# Kopistella



## Lintuzz

I don't get how this verb works in the following sentence:
*"Poliisi* *kopisteli jo jähmettjmeestä vainajasta lumet ja jäät vähemmäksi"
*
Please, help?​


----------



## tarinoidenkertoja

"La polizia aveva già scosso via  parte della neve e del ghiaccio dal cadavere congelato"
ad esempio "kopistella lunta kengistään"= scuotere via la neve dalle scarpe


----------



## Lintuzz

Kiitos!

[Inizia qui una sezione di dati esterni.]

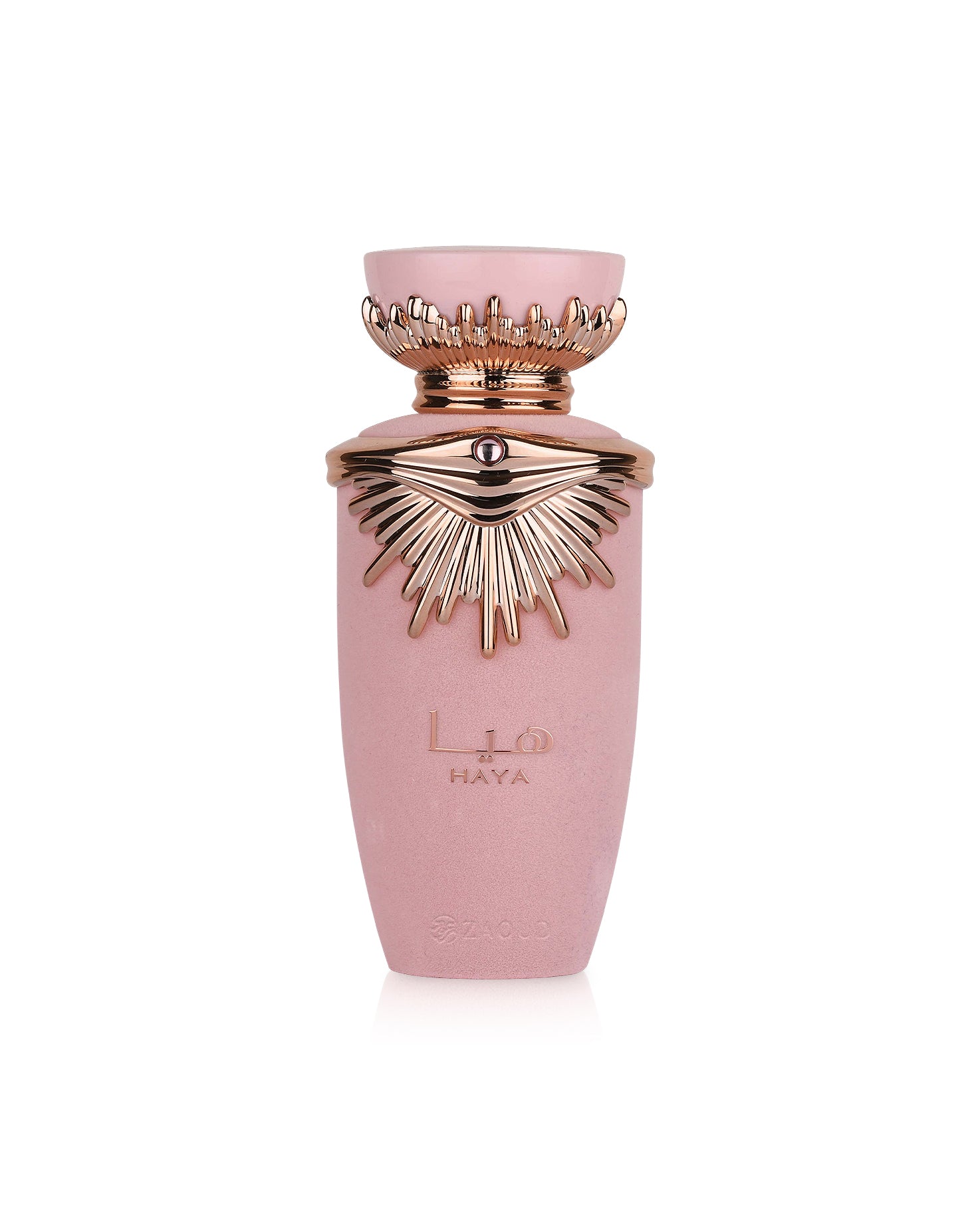 HAYA Edp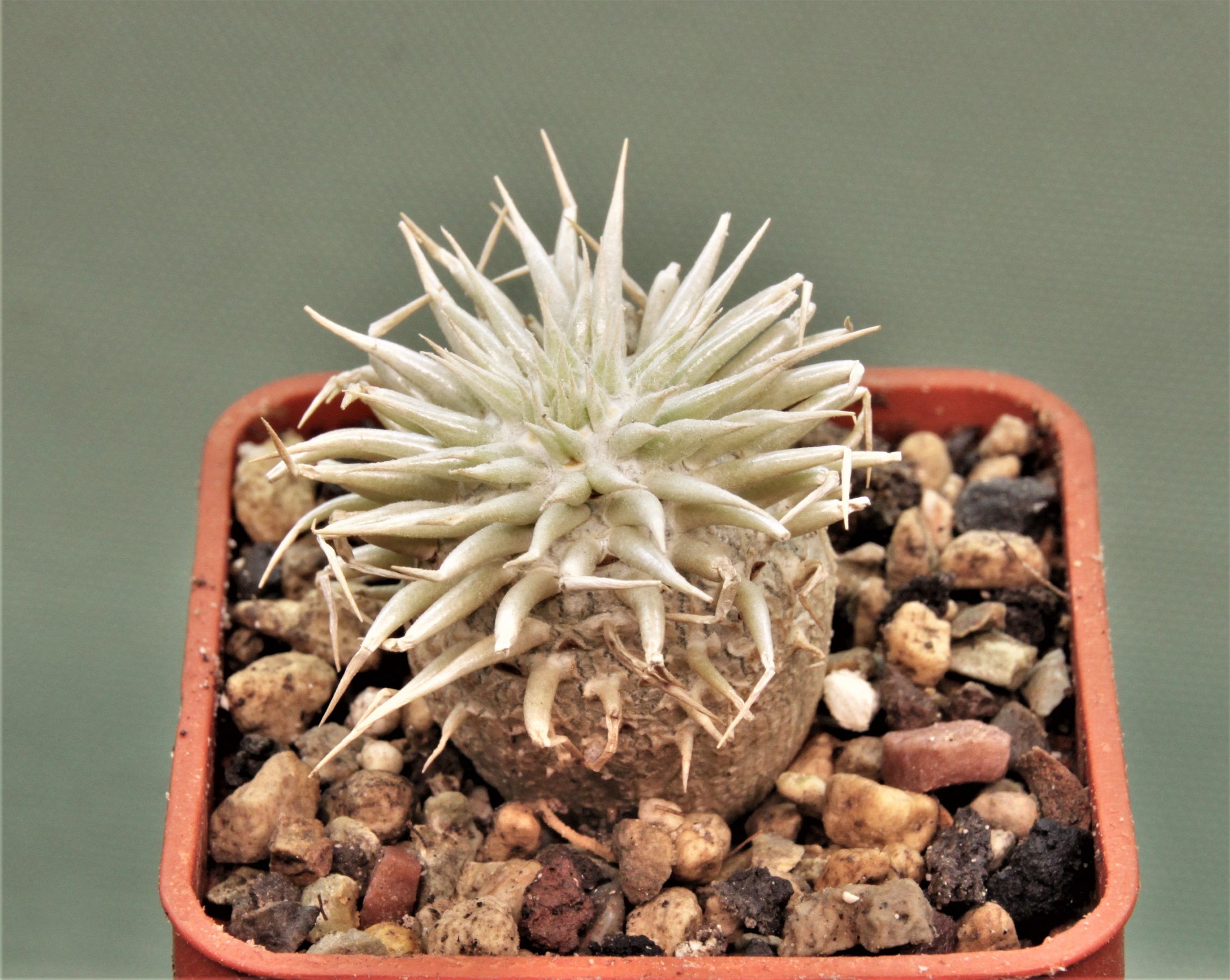 pachypodium-enigmaticum-new-species-mandoto-madagascar-2.-Novinka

Però l'unico dubbio che ho è: (almeno a quanto ho capito) kopistella indica anche un suono?


----------



## tarinoidenkertoja

Sì,quando scuoti qualcosa fa un rumore ,per questo kopistella (frequentativo di kopistaa), significa sia fare un suono (come quello delle scarpe su una superfice rigida) e scuotere via qualcosa, come il nostro "sbattere".


----------



## Lintuzz

Perfetto, adesso mi è molto più chiaro  Grazie mille!!!


----------



## Gavril

Lintuzz said:


> I don't get how this verb works in the following sentence:
> *"Poliisi* *kopisteli jo jähmettjmeestä vainajasta lumet ja jäät vähemmäksi"
> *
> Please, help?​



Just a small detail, but I think you meant to write _*jähmettyneestä *vainajasta, _​correct?


----------



## Lintuzz

Yes, I miswrote for I-dunno-which reason  sorry!


----------